Thursday, December 20, 2007

Teens and Social Media

Teens and Social Media

New Report from PEW Internet & American Life

Teens and Social Media: The use of social media gains a greater foothold in teen life as they embrace the conversational nature of interactive online media.
Content creation by teenagers continues to grow, with 64% of online teenagers ages 12 to 17 engaging in at least one type of content creation, up from 57% of online teens in 2004.

Girls continue to dominate most elements of content creation. Some 35% of all teen girls blog, compared with 20% of online boys, and 54% of wired girls post photos online compared with 40% of online boys. Boys, however, do dominate one area - posting of video content online. Online teen boys are nearly twice as likely as online girls (19% vs. 10%) to have posted a video online somewhere where someone else could see it.
While it seems we can see some gendered patterns of technology use (for example, that girls blog more - perhaps more journals and diary types of blogs), girls are starting to become more of the creators than simply users of technology - this is a good sign. What's not clear is why teen girls are less likely to post video. Is this a tech issue? Many cell phones have photo & video capabilities, but is this about the social affordance of media technology, or is this showing us a gendered tech-divide?

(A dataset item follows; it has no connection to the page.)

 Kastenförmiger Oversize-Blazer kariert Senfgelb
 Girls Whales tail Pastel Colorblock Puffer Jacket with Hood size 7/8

Amanda Lenhart et al also note:
There is a subset of teens who are super-communicators -- teens who have a host of technology options for dealing with family and friends, including traditional landline phones, cell phones, texting, social network sites, instant messaging, and email. They represent about 28% of the entire teen population and they are more likely to be older girls.
More evidence of gendered communication patterns; girls as the communicators and kin-keepers - at any age.